## [Recorded data]
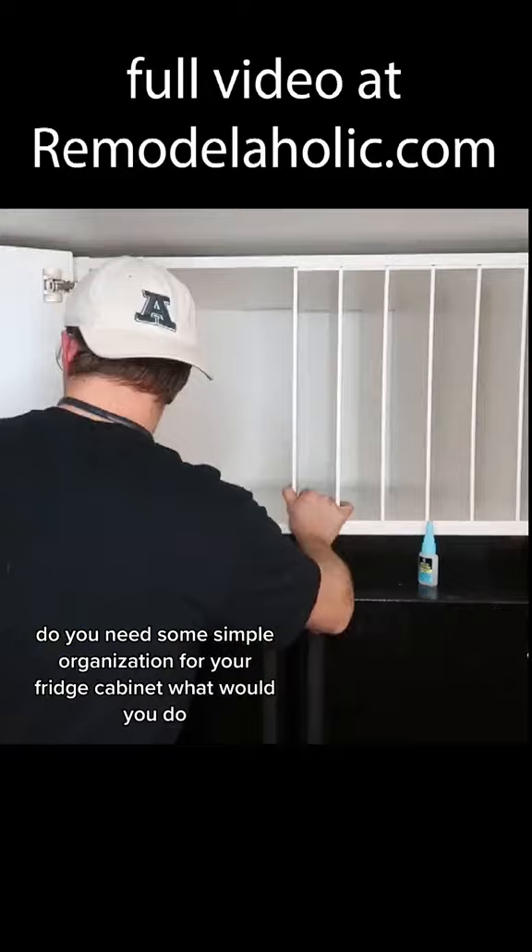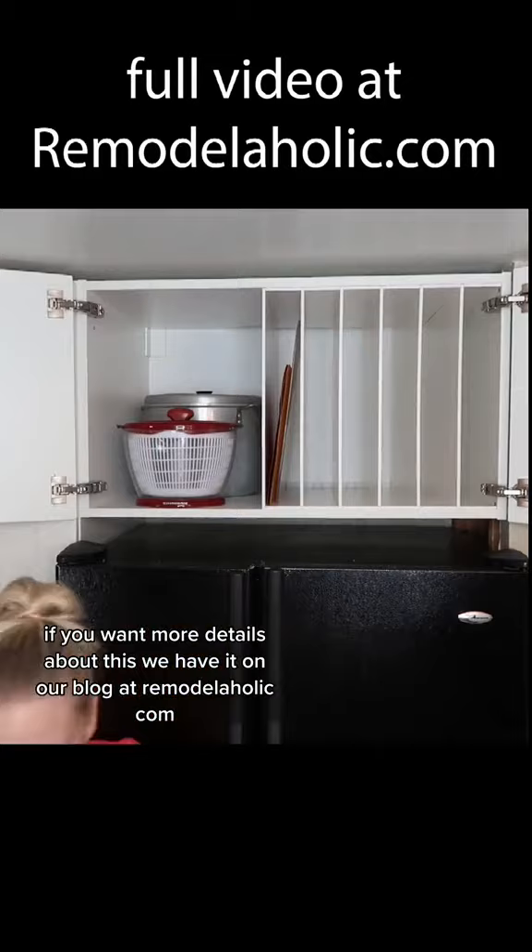Do you need some simple organization for your fridge cabinet? What would you do? If you want more details about this, we have it on our blog at remodelaholic.com. Let us know if you like it.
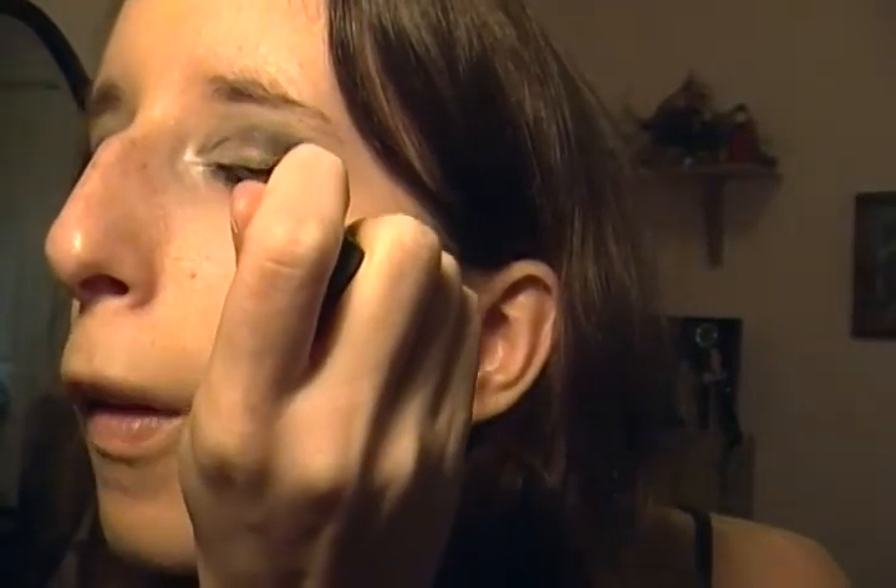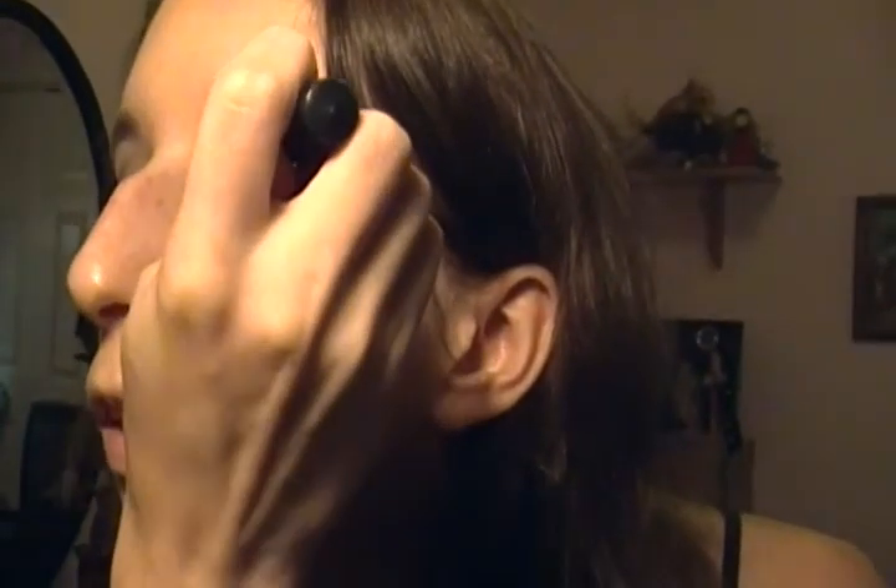Now for liquid liner — any regular old liquid liner. On the other eye, I did put a coal liner on before the liquid liner and blended it out with an angled brush. I notice I'm losing a lot of time here so I'm just going to go ahead.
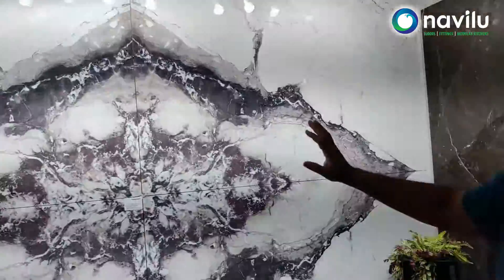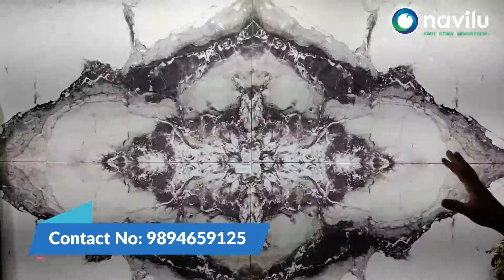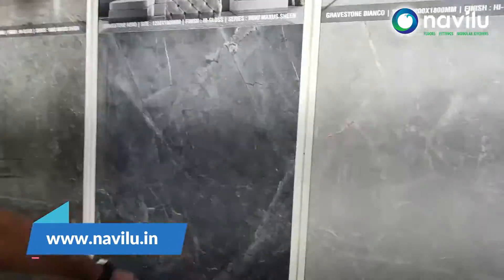We have a new product introduction. We have 6x4 slabs in the marble design of a super marble floor in the hall, so we have to set up on that today. We have different colors of 6x4 slabs.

## [Task to carry out]
What the reply must contain is an exact transcription of the data above and none of its pictures.

## [Result of the exercise]
Do you need some simple organization for your fridge cabinet? What would you do? If you want more details about this, we have it on our blog at remodelaholic.com. Let us know if you like it.
Now for liquid liner — any regular old liquid liner. On the other eye, I did put a coal liner on before the liquid liner and blended it out with an angled brush. I notice I'm losing a lot of time here so I'm just going to go ahead.
We have a new product introduction. We have 6x4 slabs in the marble design of a super marble floor in the hall, so we have to set up on that today. We have different colors of 6x4 slabs.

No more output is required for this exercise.